TUSD’s MAS social engineering exposed

Arizona Republic columnist Doug MacEachern exposes the tangled web of social engineers behind TUSD’s Mexican American Studies program in column that appeared this weekend. MacEachren outlines the recent federal court decision will paves the way for ideologues to grab classrooms away from educators and place it in the hands of indoctrinators.

Bit of leftist engineering in Tucson expensive
by Doug MacEachren for the Arizona Republic

Federal Judge David C. Bury has released his plan for dispatching racial segregation in the Tucson Unified School District, and, as expected, it includes all manner of social engineering and good intentions.

At a cost of $60 million per year, the judge’s plan — just the latest in this 37-year-old desegregation case — will have unpleasant, unplanned consequences, the worst of which almost certainly will include what Judge Bury seeks to avoid: an inferior, ideology-ridden education for the mostly poor, mostly minority students at woebegotten TUSD.

Before Bury’s decision on Wednesday, TUSD already had spent about $158 per student more on administration overhead than the state average. Now, per Bury, it will hire dozens of minority advisers, counselors and recruiters. The district will spend still more on adults busying themselves outside TUSD’s classrooms.

Student discipline in an already chaotic environment will worsen, given Bury’s order that disciplinary discrepancies between minorities and Anglos must magically disappear. There is no real-world way for that to happen except with unspoken policy of ignoring bad behavior by some students and punishing others.

And … yes … TUSD’s ethnic-studies program is about to make its triumphant return.

Bury now identifies the courses as “culturally relevant” classes. It is a euphemism. Bury’s culturally-relevant curricula are being designed for TUSD by Augustine Romero, the same person who designed the courses identifying the genocidal, disease-spreading “European invader” as the usurper of Hispanic students’ Aztec legacy.

For all those giddy Marxists and Friere-ians at the Mexican-American studies department, this is going to be like May Day in Red Square.

Judge Bury assured that pre-ordained outcome when he hired Willis Hawley as the “special master” to oversee the process of constructing a new, non-segregationist TUSD.

A professor emeritus in education at the University of Maryland, Hawley is a well-established advocate of race-conscious education policies. Hawley’s ideas of “culturally responsive pedagogy” are largely interchangeable with those of Romero and the entire cast of education revolutionaries and university activists supporting Romero’s vision.

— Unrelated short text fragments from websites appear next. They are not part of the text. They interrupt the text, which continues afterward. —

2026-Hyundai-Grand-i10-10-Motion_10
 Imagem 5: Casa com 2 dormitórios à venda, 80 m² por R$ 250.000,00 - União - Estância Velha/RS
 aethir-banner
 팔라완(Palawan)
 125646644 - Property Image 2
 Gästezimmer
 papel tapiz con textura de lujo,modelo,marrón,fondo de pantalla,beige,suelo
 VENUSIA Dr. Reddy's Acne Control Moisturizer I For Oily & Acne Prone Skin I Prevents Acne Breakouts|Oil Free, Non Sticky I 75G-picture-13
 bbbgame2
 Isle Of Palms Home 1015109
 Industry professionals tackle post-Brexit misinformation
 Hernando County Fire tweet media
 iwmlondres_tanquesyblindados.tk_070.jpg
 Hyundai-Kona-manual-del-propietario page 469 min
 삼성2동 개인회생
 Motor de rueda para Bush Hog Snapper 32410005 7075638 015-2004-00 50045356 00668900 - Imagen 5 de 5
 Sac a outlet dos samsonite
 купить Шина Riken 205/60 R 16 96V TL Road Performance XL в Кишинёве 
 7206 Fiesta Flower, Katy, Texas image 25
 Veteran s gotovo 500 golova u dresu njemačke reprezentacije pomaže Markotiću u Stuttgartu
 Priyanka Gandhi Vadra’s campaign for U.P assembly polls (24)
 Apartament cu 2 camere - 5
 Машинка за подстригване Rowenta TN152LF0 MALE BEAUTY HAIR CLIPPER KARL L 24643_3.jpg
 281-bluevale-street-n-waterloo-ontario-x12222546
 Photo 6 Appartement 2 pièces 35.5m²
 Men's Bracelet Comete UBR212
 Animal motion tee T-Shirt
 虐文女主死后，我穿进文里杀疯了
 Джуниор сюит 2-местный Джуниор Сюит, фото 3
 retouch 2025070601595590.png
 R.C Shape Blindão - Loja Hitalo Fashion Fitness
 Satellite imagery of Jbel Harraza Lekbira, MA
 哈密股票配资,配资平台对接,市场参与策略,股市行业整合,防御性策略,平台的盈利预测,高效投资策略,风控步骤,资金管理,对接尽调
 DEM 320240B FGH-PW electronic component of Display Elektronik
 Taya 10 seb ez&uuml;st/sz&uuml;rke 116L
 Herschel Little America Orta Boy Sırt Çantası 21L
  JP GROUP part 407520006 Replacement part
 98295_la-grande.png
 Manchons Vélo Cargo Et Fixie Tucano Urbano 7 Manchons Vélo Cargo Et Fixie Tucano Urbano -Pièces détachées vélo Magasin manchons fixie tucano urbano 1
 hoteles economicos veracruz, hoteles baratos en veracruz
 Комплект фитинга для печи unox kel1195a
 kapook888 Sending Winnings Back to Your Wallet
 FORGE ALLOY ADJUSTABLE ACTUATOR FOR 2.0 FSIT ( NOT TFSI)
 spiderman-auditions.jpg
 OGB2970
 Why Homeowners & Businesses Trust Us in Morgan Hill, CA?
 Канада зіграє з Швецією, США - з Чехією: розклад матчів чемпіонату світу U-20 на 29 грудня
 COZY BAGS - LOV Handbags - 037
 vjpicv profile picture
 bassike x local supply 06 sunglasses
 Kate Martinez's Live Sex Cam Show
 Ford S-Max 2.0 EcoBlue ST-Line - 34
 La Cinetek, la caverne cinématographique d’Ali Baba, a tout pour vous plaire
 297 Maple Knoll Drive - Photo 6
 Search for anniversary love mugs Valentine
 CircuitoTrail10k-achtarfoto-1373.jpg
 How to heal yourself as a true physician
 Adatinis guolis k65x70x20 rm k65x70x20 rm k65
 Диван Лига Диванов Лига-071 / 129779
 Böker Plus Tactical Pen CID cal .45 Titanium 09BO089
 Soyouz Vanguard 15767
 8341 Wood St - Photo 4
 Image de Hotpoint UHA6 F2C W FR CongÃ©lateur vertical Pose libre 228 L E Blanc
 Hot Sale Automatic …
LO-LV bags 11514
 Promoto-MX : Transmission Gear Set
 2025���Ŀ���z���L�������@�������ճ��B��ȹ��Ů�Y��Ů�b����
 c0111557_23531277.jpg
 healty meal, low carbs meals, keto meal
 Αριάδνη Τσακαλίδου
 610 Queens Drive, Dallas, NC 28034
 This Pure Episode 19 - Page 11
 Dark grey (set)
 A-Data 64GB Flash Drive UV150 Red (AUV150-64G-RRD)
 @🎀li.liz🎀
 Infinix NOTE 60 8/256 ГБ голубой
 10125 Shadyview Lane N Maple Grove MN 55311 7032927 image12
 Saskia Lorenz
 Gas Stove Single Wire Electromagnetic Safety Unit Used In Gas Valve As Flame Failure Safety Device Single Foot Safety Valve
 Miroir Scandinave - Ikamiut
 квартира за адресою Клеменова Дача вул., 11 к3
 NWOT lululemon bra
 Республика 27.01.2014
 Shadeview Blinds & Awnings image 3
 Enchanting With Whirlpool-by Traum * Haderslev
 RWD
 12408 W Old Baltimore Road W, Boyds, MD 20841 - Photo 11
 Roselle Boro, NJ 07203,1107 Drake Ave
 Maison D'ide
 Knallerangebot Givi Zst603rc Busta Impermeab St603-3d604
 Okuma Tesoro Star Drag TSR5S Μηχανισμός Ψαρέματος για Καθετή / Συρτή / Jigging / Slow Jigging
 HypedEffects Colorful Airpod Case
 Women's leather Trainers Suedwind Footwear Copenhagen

They are of a tight circle of race-centric education theorists. They cite each other. They feed off each other. And, as we see now at TUSD, they prop up each other’s missions.

In a paper that Hawley wrote on culturally-responsive pedagogy in 2011, he cited as reference the work of Romero and the University of Arizona’s Julio Cammarota, a zealot on behalf of Romero’s program at TUSD.

Reference citations in Hawley’s writings on race and education amount to a Who’s Who of invitees to the notorious summer “transformative” seminars co-sponsored by TUSD’s Mexican-American studies program and its activist-supporters at nearby UA.

Hawley has written supportively regarding the radical race-education theories of academics like Jeffrey Duncan Andrade, Jason Irizarry and David Stovall — all of whom (according to TUSD records) were compensated, featured speakers at the transformative seminars sponsored by MAS. Hawley is a member of that tribe.

Nowhere is the evidence of Hawley’s prejudices clearer than in his selection of Nolan Cabrera and Jeffrey Milem, both of UA, to perform an allegedly independent statistical study of the performance of the Romero-designed MAS program at TUSD.

Whatever its academic efficacy (and it has been resoundingly trashed by experts), their “Empirical Study of the Effects of Mexican American Studies Participation on Student Achievement” is anything but independent.

Milem testified in 2011 in behalf of the MAS program during the investigation into whether the program broke state law. He has been an enthusiastic booster of both the MAS classes and the department’s “transformative” seminars for years.

Cabrera, meanwhile, is not merely an on-the-record advocate of Romero’s program, he identifies himself on his own resume as being under contract with MAS.

Under “Academic Activities/Service,” Cabrera cites himself as: “Statistical consultant, Department of Mexican American Studies, Tucson Unified School District, 2010- present.”